Plus de quarante fois dans la Bible, un seul mot hébreu — ZAMAR — porte deux gestes inséparables. Comprendre ce mot, c'est comprendre ce que Dieu attend de notre adoration.
ZAMAR désigne d'abord le geste de toucher les cordes d'un instrument — pincer la harpe, faire vibrer le luth. Mais le même tracé de lettres désigne aussi le geste de tailler la vigne : émonder, couper ce qui empêche le fruit. Le doigt qui effleure la corde et la lame qui taille le sarment portent, en hébreu, le même nom.
L'adorateur ZAMAR ne joue pas pour la salle ; il joue pour que Dieu descende. Et quand Dieu vient, Il ne repart jamais sans laisser une marque.

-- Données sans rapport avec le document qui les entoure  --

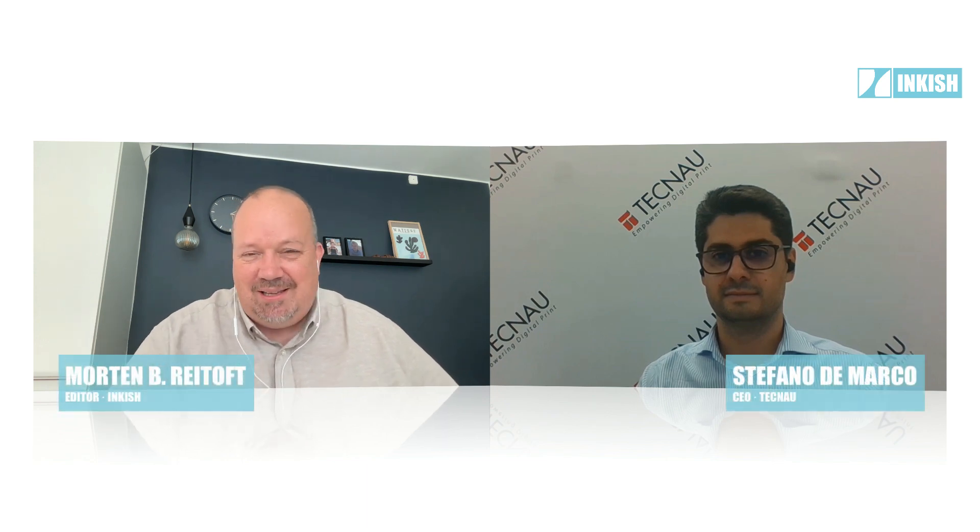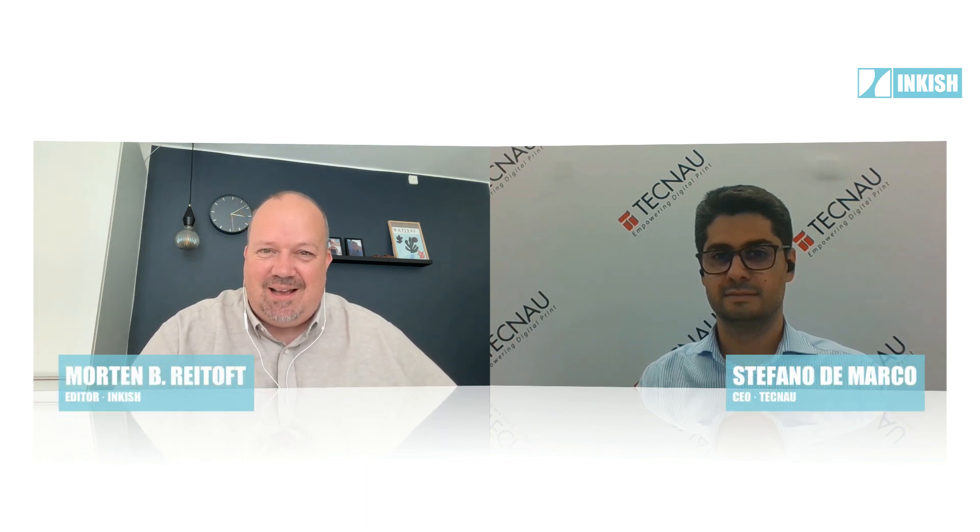Welcome to this episode here on Inkish TV. I have the pleasure today to talk to Stefano Di Marco from TechNow. Or Stefano, now I have to say both TechNow and SITMA. Is that the right way to say it? Yeah, it is. Hello, Morten. Hello, everybody. Thanks for having me here today.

L'adoration vraie n'est pas seulement ce que nous donnons à Dieu : c'est aussi ce que Dieu opère en nous pendant que nous L'adorons.
Toucher sans la taille, c'est l'émotion sans la transformation — on ne touche qu'un écho de soi-même. La taille sans toucher, c'est un cœur correct mais froid. Le Zamar tient les deux ensemble : c'est là son centre.
Ce message ouvre la série complète enseignée lors du CAP 2026. Téléchargez le support, écoutez l'audio, ou inscrivez-vous au séminaire pour le vivre en entier.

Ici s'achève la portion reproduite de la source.